Dieu donne l'être : c'est son acte créateur. Mais Il ne se contente pas de donner à ses créatures d'exister, il leur donne aussi la dignité d'agir par elles-mêmes, le pouvoir d'être causes et principes les unes des autres, et de coopérer à son dessein divin (CEC, 306). Aux hommes, Il donne le pouvoir d'être causes intelligentes et libres, ministres et collaborateurs de sa Providence, pour la distribution des dons qu'il veut faire parvenir à chacun. Il leur fait même un commandement de s'acquitter de cette mission de charité, de faire fructifier les talents reçus pour les mettre au service du prochain, et c'est sur ce point qu'il les jugera au dernier jour (remarquez que le jugement, sur le critère du don au prochain, suit et complète la parabole des talents : « c'est bien, tu as été fidèle en peu de choses, je t'en confierai beaucoup… J'avais faim et tu m'as donné à manger… J'étais seul, malade, étranger, et tu ne m'as pas visité » (Mt 25, 14-45). Là est le fondement et la source de la communauté humaine et de la vie sociale, et aussi leur finalité (CEC 1880).

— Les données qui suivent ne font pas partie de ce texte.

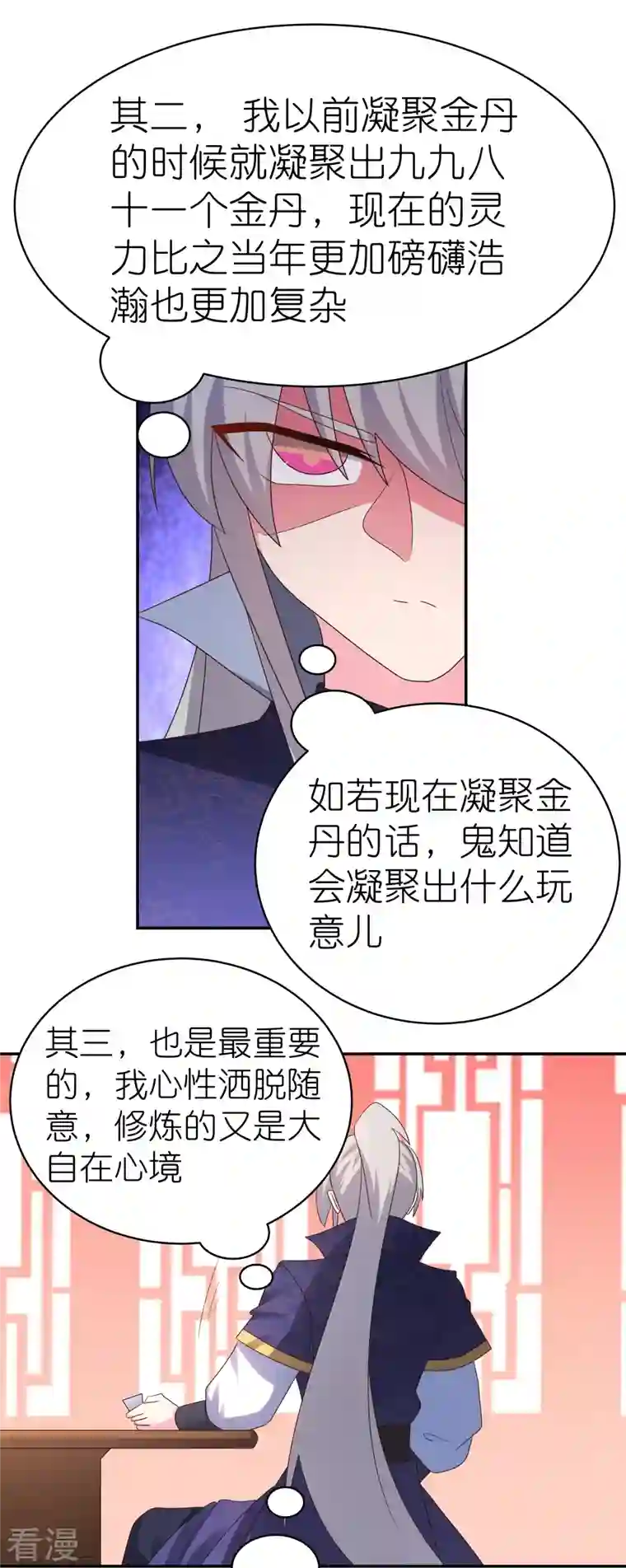 尊上第348话 孤星泪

A l'opposé de l'individualisme égalitaire, l'Eglise reconnaît que Dieu nous a créés interdépendants (CEC 306-307, 340, 357), qu'il nous accorde ses dons, immatériels et matériels, par des médiateurs qui, ici-bas, sont l'Eglise, nos parents, nos enseignants et nos supérieurs, notre Patrie et les communautés où nous vivons, notre conjoint, les personnes que nous voyons, les institutions qui nous régissent et influencent nos comportements. En effet, Dieu, dans sa sagesse, a voulu que chacun put recevoir d'autrui ce qui est nécessaire à son développement physique et moral. « En venant au monde, l'homme ne dispose pas de tout ce qui est nécessaire au développement de sa vie, corporelle et spirituelle. Il a besoin des autres… Les « talents » ne sont pas distribués également… Ces différences appartiennent au plan de Dieu, qui veut que chacun reçoive d'autrui ce dont il a besoin… : quant aux biens temporels, je les ai distribués avec la plus grande inégalité, et je n'ai pas voulu que chacun possédât tout ce qui lui était nécessaire, pour que les hommes aient ainsi l'occasion, par nécessité, de pratiquer la charité les uns envers les autres, et qu'ils fussent mes ministres pour la distribution des grâces et des libéralités qu'ils ont reçues de moi » (CEC 1936-1937 et sainte Catherine de Sienne, dialogue I, 7).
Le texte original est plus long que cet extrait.